Nous avons aussi, en tant qu’être humain, un potentiel de résilience. Celle-ci est liée aux facteurs de protection et/ou de vulnérabilité qui auront prévalu pendant cette période de crise et d’incertitude, ainsi que le rappelle Boris Cyrulnik, neuropsychiatre en 2020. Les facteurs de protection sont des attributs, comme les compétences, forces ou ressources, qui permettent de favoriser et renforcer les capacités d’adaptation comme le confort matériel, le confort affectif, familial ; l’estime de soi ; la participation sociale ; le sentiment d’appartenance ; le soutien social ; la confiance en l’autre ; le sentiment de sécurité ; la compréhension, la reconnaissance, l’appropriation et la gestion de ses émotions; la spiritualité; la créativité; la capacité et possibilité de développer des compétences ; la capacité d’adaptation ; la capacité de s’adonner à des loisirs ; la capacité à demander de l’aide, à savoir apprécier le moment présent…

Ces facteurs de protection protègent les individus ou les groupes contre les effets dommageables des facteurs de risque. Les facteurs de risque ou de vulnérabilité concernent, entre autres, l’isolement, la précarité sociale et économique, un métier peu épanouissant, la maltraitance.

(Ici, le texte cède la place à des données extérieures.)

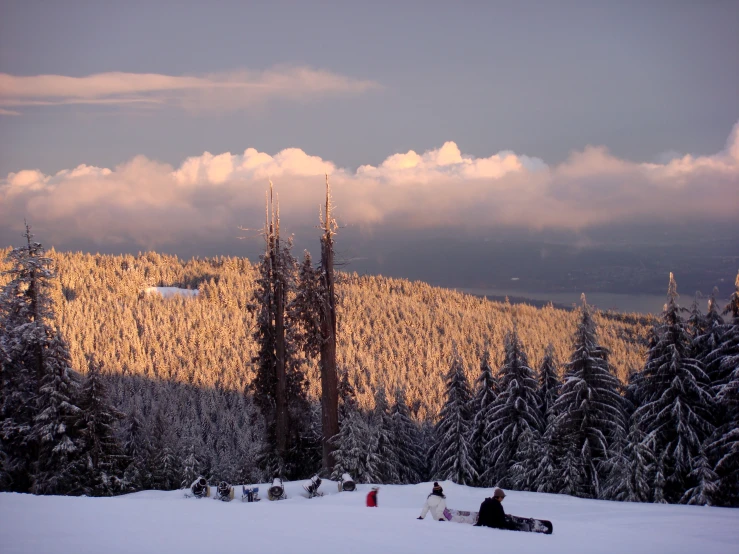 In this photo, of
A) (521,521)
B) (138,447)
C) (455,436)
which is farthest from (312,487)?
(138,447)

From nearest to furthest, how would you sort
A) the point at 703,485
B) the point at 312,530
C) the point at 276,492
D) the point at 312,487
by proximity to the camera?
the point at 312,530 → the point at 276,492 → the point at 312,487 → the point at 703,485

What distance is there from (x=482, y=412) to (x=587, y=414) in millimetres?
7834

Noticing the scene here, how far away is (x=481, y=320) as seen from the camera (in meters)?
196

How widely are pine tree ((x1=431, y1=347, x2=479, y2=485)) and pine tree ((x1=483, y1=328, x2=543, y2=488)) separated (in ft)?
4.15

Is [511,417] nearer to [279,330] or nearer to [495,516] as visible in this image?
[279,330]

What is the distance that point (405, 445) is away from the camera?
121 ft

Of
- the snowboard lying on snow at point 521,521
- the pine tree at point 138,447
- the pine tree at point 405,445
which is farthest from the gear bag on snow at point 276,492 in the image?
the pine tree at point 138,447

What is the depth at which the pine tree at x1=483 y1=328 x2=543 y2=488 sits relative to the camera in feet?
96.2

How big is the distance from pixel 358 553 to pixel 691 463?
17314 mm

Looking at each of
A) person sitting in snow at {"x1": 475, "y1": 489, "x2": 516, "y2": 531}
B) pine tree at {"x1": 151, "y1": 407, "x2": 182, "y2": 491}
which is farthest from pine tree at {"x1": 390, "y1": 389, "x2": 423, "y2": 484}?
person sitting in snow at {"x1": 475, "y1": 489, "x2": 516, "y2": 531}

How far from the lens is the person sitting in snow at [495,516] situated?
12039 mm

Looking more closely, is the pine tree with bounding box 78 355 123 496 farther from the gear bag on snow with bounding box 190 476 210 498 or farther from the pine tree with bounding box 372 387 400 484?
the pine tree with bounding box 372 387 400 484

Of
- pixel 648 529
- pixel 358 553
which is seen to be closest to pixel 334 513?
pixel 358 553

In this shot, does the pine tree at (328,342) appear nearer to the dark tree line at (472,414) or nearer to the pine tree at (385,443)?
the dark tree line at (472,414) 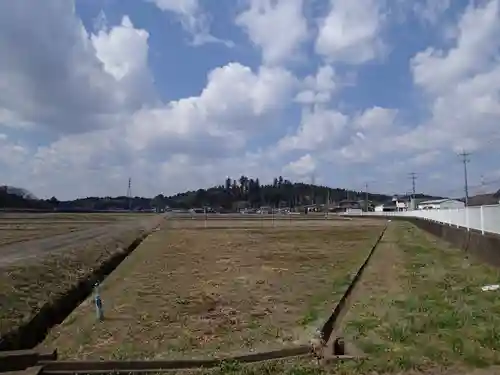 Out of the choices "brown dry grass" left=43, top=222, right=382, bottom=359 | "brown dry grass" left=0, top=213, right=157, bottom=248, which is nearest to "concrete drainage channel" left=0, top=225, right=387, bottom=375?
"brown dry grass" left=43, top=222, right=382, bottom=359

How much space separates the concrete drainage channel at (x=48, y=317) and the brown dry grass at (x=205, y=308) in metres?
0.38

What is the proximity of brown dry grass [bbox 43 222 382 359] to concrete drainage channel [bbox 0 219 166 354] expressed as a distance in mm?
381

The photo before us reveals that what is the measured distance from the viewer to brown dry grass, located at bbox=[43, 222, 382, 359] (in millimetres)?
8789

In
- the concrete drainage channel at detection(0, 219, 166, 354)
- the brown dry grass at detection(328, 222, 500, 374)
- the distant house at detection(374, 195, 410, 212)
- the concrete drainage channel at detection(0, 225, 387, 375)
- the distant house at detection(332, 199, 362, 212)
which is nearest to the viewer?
the concrete drainage channel at detection(0, 225, 387, 375)

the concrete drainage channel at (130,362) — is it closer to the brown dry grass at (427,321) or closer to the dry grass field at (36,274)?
the brown dry grass at (427,321)

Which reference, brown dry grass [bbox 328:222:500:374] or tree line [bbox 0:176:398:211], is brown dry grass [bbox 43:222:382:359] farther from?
tree line [bbox 0:176:398:211]

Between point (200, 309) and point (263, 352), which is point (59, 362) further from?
point (200, 309)

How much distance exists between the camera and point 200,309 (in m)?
11.8

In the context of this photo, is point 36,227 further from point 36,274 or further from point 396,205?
point 396,205

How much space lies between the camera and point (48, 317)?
1218 centimetres

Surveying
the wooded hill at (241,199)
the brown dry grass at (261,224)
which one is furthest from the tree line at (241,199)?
the brown dry grass at (261,224)

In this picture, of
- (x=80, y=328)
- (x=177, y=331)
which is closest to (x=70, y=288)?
(x=80, y=328)

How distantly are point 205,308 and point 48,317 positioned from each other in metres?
3.34

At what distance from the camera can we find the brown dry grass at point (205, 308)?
8789mm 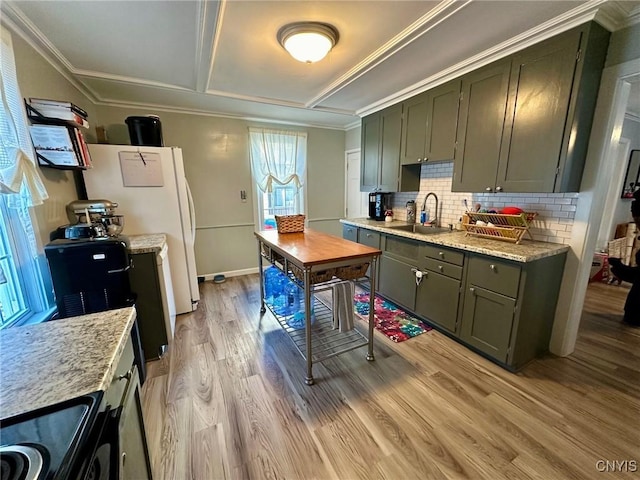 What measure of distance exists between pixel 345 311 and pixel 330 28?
6.80ft

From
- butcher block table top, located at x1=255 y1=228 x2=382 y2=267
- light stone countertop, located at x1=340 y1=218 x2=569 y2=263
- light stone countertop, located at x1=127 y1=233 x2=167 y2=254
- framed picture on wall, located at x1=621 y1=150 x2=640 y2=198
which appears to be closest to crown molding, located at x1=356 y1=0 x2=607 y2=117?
light stone countertop, located at x1=340 y1=218 x2=569 y2=263

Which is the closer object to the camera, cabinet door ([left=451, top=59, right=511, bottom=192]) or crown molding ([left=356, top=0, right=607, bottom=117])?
crown molding ([left=356, top=0, right=607, bottom=117])

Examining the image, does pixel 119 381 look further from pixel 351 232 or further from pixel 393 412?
pixel 351 232

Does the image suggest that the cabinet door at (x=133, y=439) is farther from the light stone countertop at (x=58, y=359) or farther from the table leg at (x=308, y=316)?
the table leg at (x=308, y=316)

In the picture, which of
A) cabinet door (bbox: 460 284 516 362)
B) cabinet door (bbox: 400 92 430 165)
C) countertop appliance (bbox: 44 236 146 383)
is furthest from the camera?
cabinet door (bbox: 400 92 430 165)

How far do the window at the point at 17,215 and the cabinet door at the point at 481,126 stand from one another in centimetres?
324

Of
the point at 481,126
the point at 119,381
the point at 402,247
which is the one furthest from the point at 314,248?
the point at 481,126

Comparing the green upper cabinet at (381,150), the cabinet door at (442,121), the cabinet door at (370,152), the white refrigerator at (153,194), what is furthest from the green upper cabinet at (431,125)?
the white refrigerator at (153,194)

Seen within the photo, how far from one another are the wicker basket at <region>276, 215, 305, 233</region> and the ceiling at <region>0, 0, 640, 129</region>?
139 cm

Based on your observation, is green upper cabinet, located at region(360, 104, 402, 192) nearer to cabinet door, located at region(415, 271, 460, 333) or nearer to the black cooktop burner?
cabinet door, located at region(415, 271, 460, 333)

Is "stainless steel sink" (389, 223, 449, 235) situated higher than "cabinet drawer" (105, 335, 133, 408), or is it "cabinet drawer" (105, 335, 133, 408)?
"stainless steel sink" (389, 223, 449, 235)

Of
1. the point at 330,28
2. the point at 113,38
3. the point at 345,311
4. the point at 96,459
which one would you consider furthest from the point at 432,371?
the point at 113,38

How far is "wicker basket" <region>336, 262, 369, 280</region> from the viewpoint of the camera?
78.3 inches

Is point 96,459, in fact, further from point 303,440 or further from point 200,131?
point 200,131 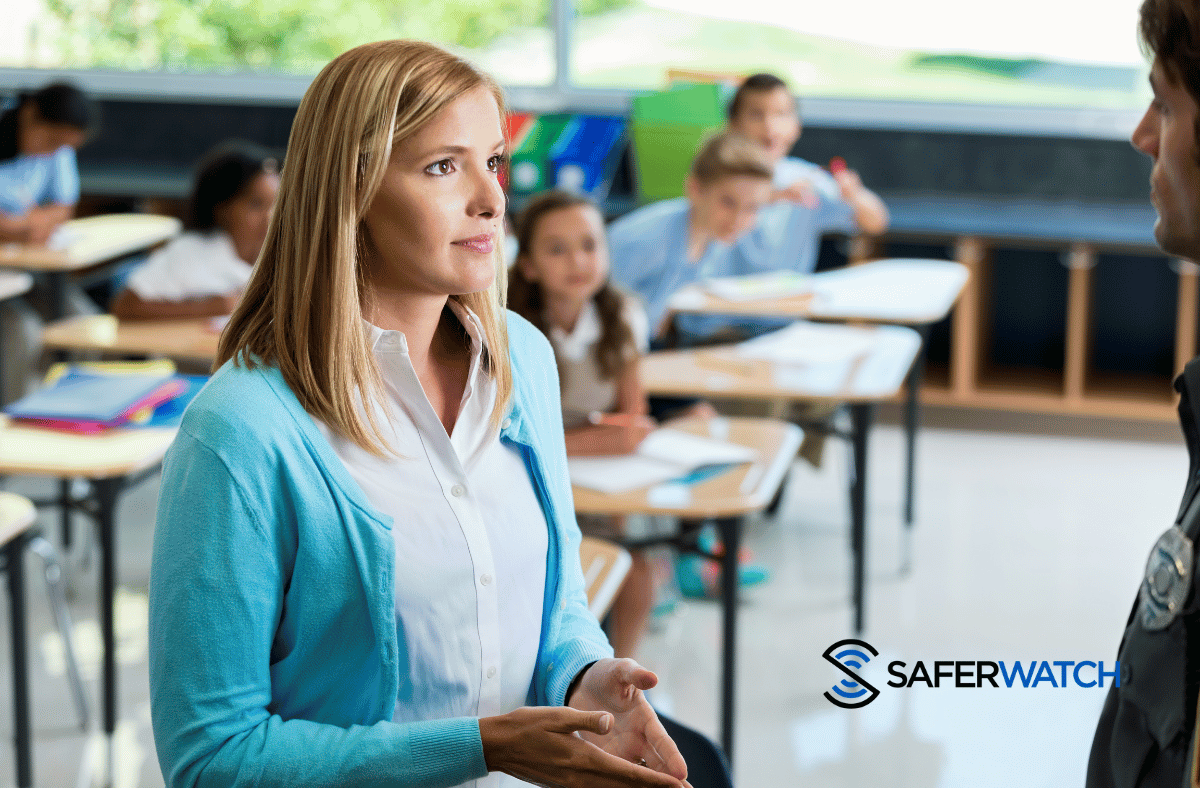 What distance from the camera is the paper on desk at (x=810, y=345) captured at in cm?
361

Les inégalités de résistance psychologique, peuvent être aggravées par les inégalités sociales et après le confinement pour certains, toujours selon Cyrulnik, 2020.

Vos objectifs à travers cette campagne ?
Il importe vraiment d’investir dans les facteurs de protection autant que possible pour tenir le coup et pour développer notre capacité de rebondir. Cette campagne de vulgarisation et de promotion de la santé mentale menée par l’AIHD se centre sur le renforcement de ces facteurs de protection. Ce choix, porté sur de la joie, encore plus en ce moment, semble donc crucial.